Megan fissò i suoi occhi scuri, smettendo di mugolare. Forse, se lo ascoltava e accontentava, se la sarebbe cavata ...
“È da una settimana che mi hai attratto, Megan. Sei splendida. I tuoi morbidi capelli neri, i tuoi occhi azzurri, la tua bocca piena ... Ma anche tu non mi meriti.”
La voce assunse un tono deluso.
“Ti ho mandato dei fiori e li hai buttati, ti ho fatto ottenere un aumento e ancora niente ...”
Ogni affermazione alimentava la rabbia di John. Il pugnale accarezzò i vestiti di Megan. Lei piangeva disperata, totalmente in balia di lui.
“E oggi ... io mi dichiaro e tu che fai?

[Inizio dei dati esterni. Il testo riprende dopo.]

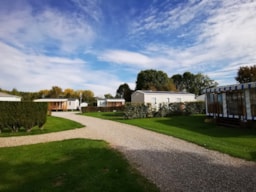 Camping Des Trois Tilleuls - image n°2 - Roulottes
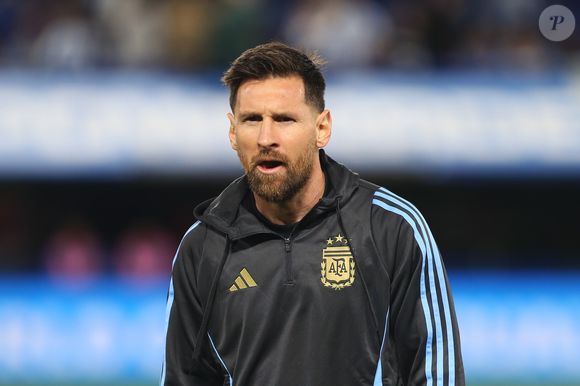 Lionel Messi fez tratamento de saúde avaliado em 1 mil dólares, o que era alto demais para sua família na época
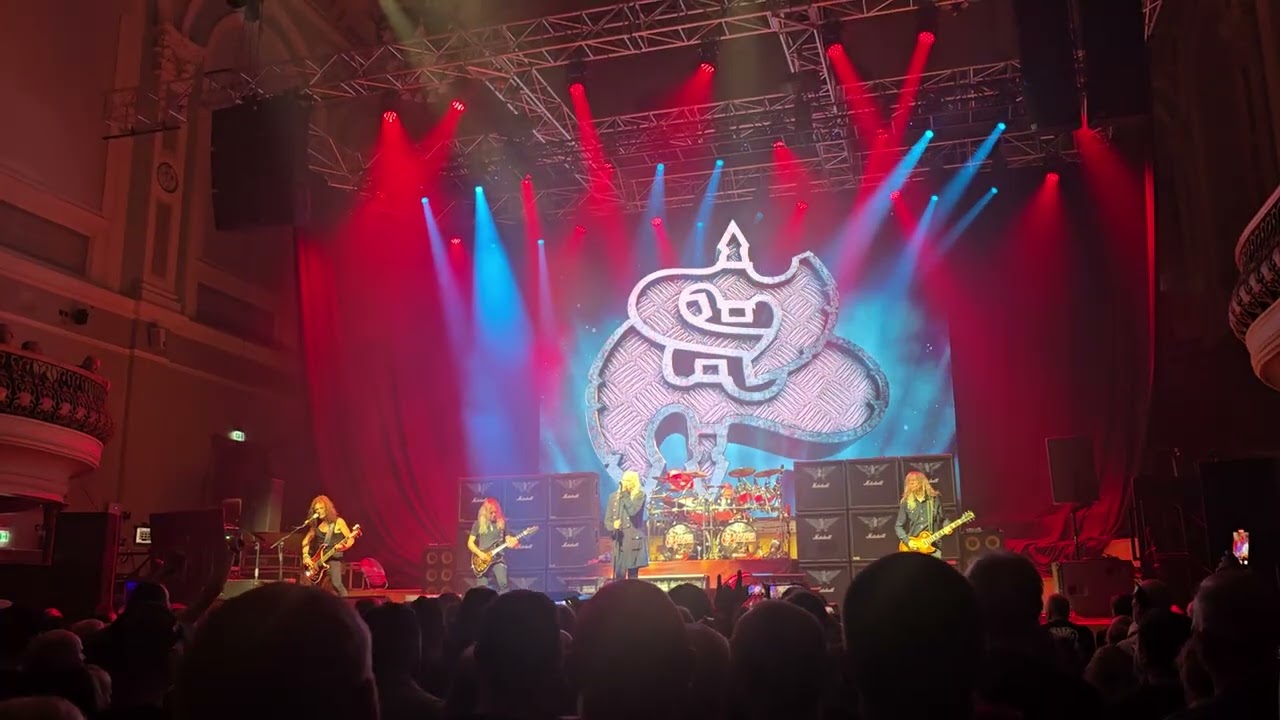 Saxon - 747 Strangers in the Night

Corri fra le braccia di un altro uomo!”
La lama trafisse le carni della ragazza come se fossero burro. Megan urlò e riprese a divincolarsi, aggravando la ferita.
“Mi hai ferito, Megan. Profondamente. Sei un’ingrata!”
Il pugnale risalì fino allo sterno. John lo ritrasse e alzò il braccio.
“Ora ti mostro come mi hai fatto sentire ... più e più volte.”
L’arma calò giù, si rialzò, calò giù nuovamente. Quando il corpo giacque immobile in una pozza di sangue, John si rimise in piedi. Contemplò il cadavere quasi con disgusto. Finora nessuna aveva mai apprezzato le sue premure, ma lui era fiducioso. Prima o poi avrebbe incontrato la ragazza perfetta, l’unica degna di ricevere il suo amore. John si mise il cappuccio, nascose il pugnale in tasca e si incamminò sotto la pioggia, fischiettando.